_WHAT IS BEING ASKED_: Quote the data below in full, minus the images.

[GIVEN DATA — start]

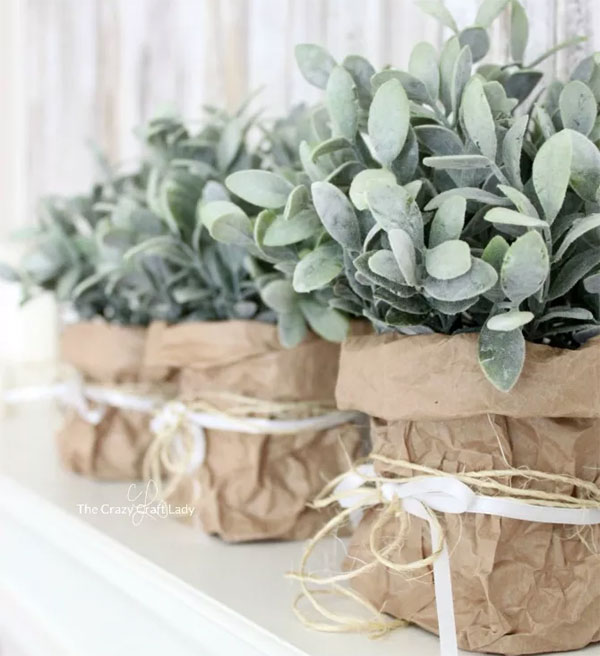 Make a Paper Vase for Indoor Greenery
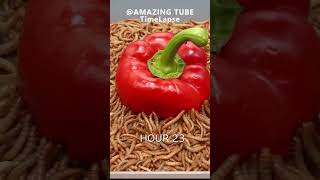 10.000 Worms Vs Bell Pepper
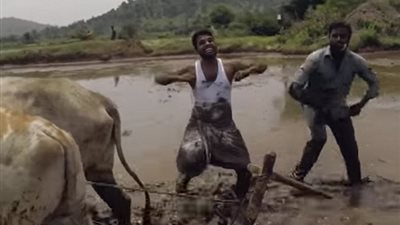 مزارعان يثيران ضجة بأداء تحدي «كيكي» بجانب ثورين (فيديو وصور)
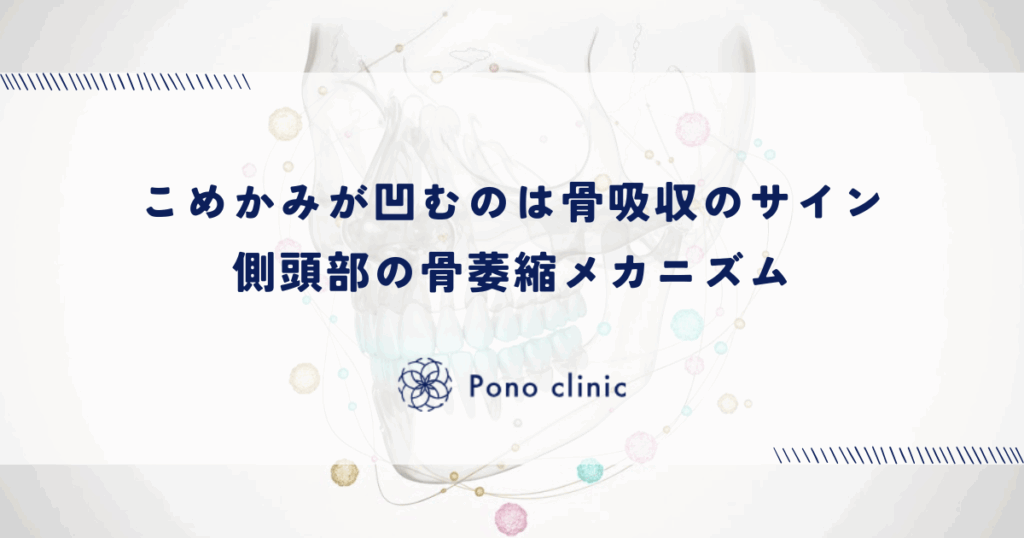 こめかみが凹むのは骨吸収のサイン｜側頭部の骨萎縮メカニズム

[GIVEN DATA — finish]

_EXPECTED OUTPUT_:
 Make a Paper Vase for Indoor Greenery
 10.000 Worms Vs Bell Pepper
 مزارعان يثيران ضجة بأداء تحدي «كيكي» بجانب ثورين (فيديو وصور)
 こめかみが凹むのは骨吸収のサイン｜側頭部の骨萎縮メカニズム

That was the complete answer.